Committee picks start council feud

The ongoing feud within the Killeen City Council is a tale of two committees – two committees that haven’t met since February.

The committees – land use and smoking – have not been a recent topic on any workshop agenda or council meeting. Yet, committee membership has been the catalyst for a fight inside the council chambers. The battle spilled over into the Killeen Daily Herald’s letter to the editor section and council members’ e-mails.

Last Tuesday’s meeting took the disagreement to a new level, adding angry voices, wags of the finger and charges of bias and a lack of integrity by council members.

Tuesday’s 4 p.m. workshop is scheduled to be the finale of the three-part series.

How it began

Councilman Larry Cole on land use and Councilman Billy Workman on smoking, both chairs of their respective committees, were not reappointed by Mayor Tim Hancock when he announced assignments June 9.

Since the land use committee voted 4-1 to dissolve itself Feb. 25 pending council approval, and the smoking committee crafted the smoking ban eventually approved by the council, neither committee had been included in the workshop agenda until Hancock announced the appointments.

After discussion, the council approved most of the committee appointments, but tabled the appointments to the smoking and land use committees.


A letter from Cole published in last Sunday’s edition of the Daily Herald prompted Mayor Tim Hancock to read a two-page open letter in Tuesday’s meeting defending his appointments.

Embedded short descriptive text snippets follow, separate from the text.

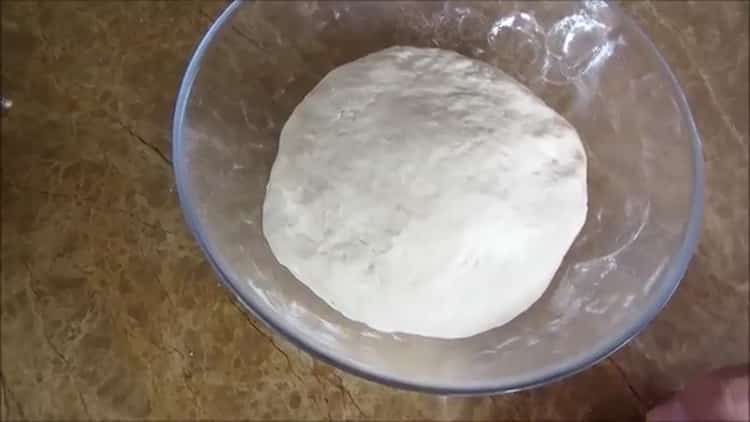According to the recipe, to make white bread in the oven, knead the dough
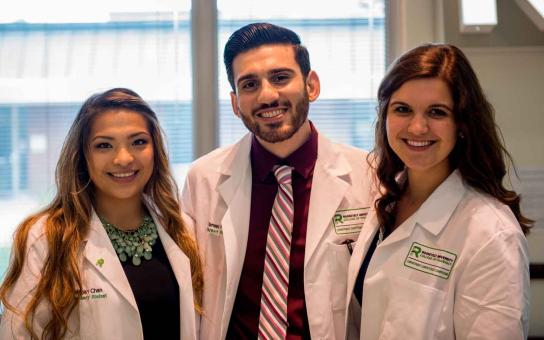 Three Pharmacy students in lab coats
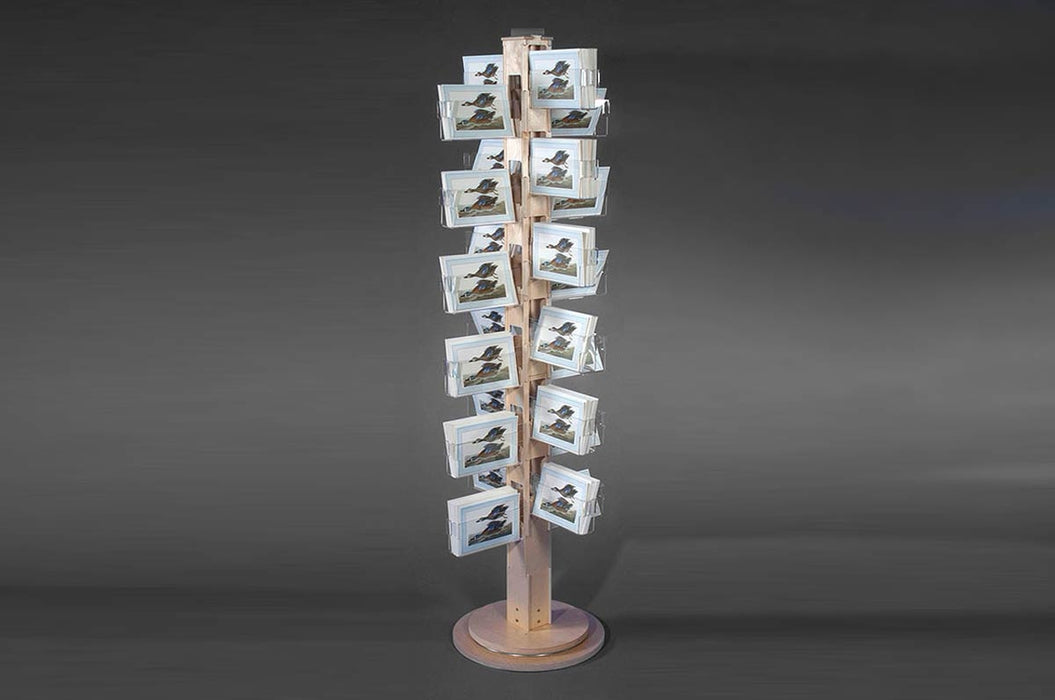 Birch plywood floor card spinner display with 24 clear acrylic pockets holding various greetin cards.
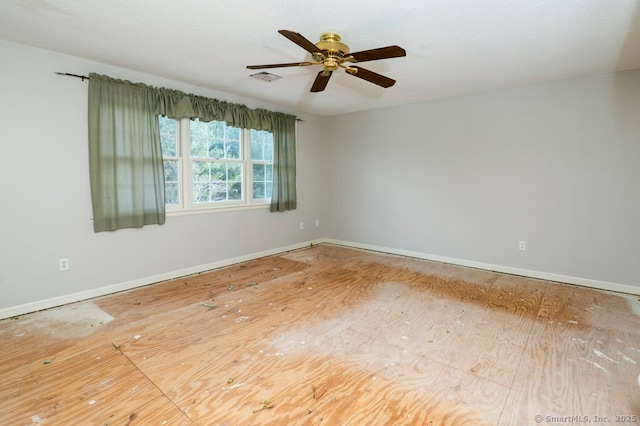 spare room with visible vents, ceiling fan, a textured ceiling, and baseboards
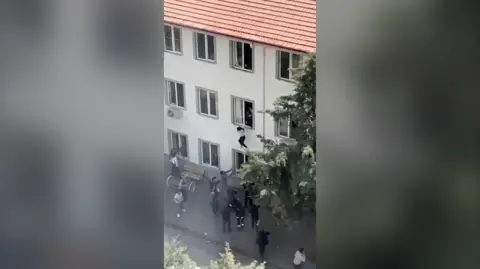 Reuters A group of people stand on the pavement trying to catch people jumping from a first-floor window in a three-storey building.
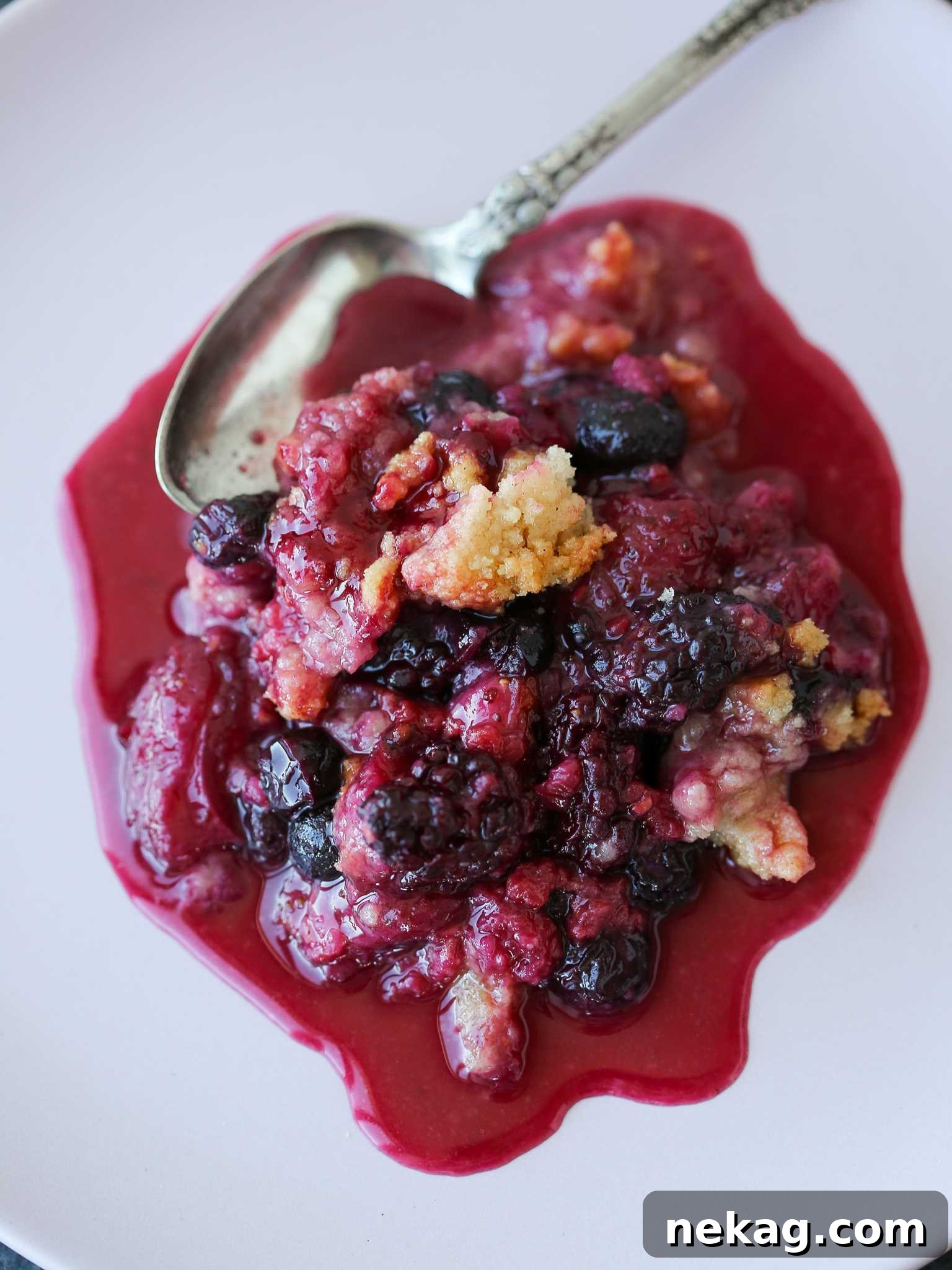 Warm Berry Crumble Bliss 3 A serving of mixed berry crumble on a white plate, topped with a scoop of vanilla ice cream and a fresh berry garnish.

Instead of Cole, new council members JoAnn Purser and Ernest Wilkerson were nominated to replace former Councilman Otis Evans and Cole on the land use committee.

Cole had been upfront about his desire to see the land use committee dissolved, and the mayor believes it should not be dissolved. Thus, Hancock said he doesn’t see Cole as a viable member and chose to replace him.

The council has never openly talked about whether the land use committee should be dissolved.

Defending Purser

Hancock’s letter makes only a brief mention of Wilkerson’s appointment, noting that he helped establish the land use committee when he was on the council five years ago.

The last half of the letter defends his appointment of Purser.

After noting Purser’s life history in Killeen, including her professional role alongside the developers of the Purser family, Hancock concludes that the future prosperity of the city is her priority.

He also states that he doesn’t understand the dislike of people in the “development community.”

Hancock attempts to separate Purser’s occupation and her role on the city council.

“I am rather disappointed in the lack of tolerance and vision sometimes displayed by our citizens,” the letter states. “Mrs. Purser is not by profession a developer. Mrs. Purser builds and manages real estate.”

Hancock wasn’t the only one defending Purser.

Councilman Juan Rivera said, “I hope the city council members don’t see Ms. Purser as a developer. She is a city council lady. I’m not speaking on her behalf. I just get tired of listening and hearing Ms. Purser described as a development person. She is a city council lady, and she should be given respect.”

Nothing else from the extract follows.